*** DATASET EXCERPT ***

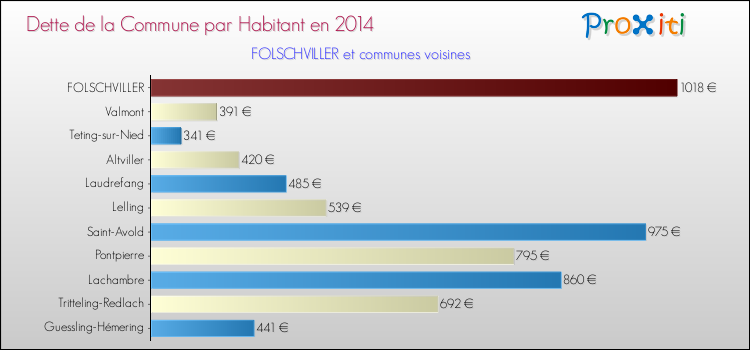 Dette par habitant de la commune en 2014 pour FOLSCHVILLER et les communes proches Comparaison de la dette par habitant de la commune en 2014 pour FOLSCHVILLER et les communes voisines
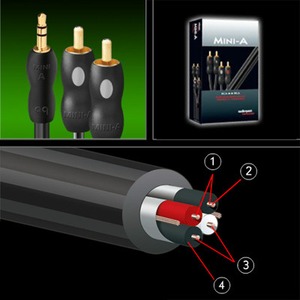 Кабель аудио 1xMini Jack - 2xRCA Audioquest Mini-A 3.5mm Male-RCA 3.0m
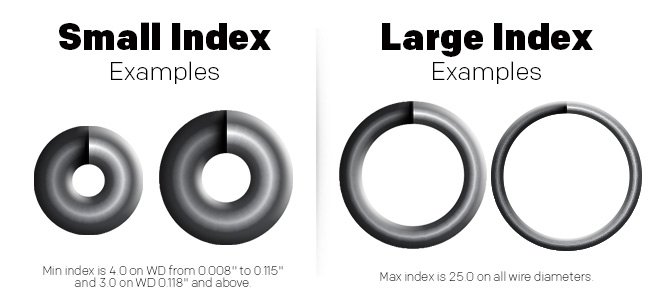 Different sized coils, each with a different wire thickness; visually explaining the difference between a tight spring index and a loose one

*** End of DATASET EXCERPT ***

EXERCISE DESCRIPTION: Reproduce the listing verbatim, and keep the pictures out of the copy.

COMPLETED EXERCISE:
 Dette par habitant de la commune en 2014 pour FOLSCHVILLER et les communes proches Comparaison de la dette par habitant de la commune en 2014 pour FOLSCHVILLER et les communes voisines
 Кабель аудио 1xMini Jack - 2xRCA Audioquest Mini-A 3.5mm Male-RCA 3.0m
 Different sized coils, each with a different wire thickness; visually explaining the difference between a tight spring index and a loose one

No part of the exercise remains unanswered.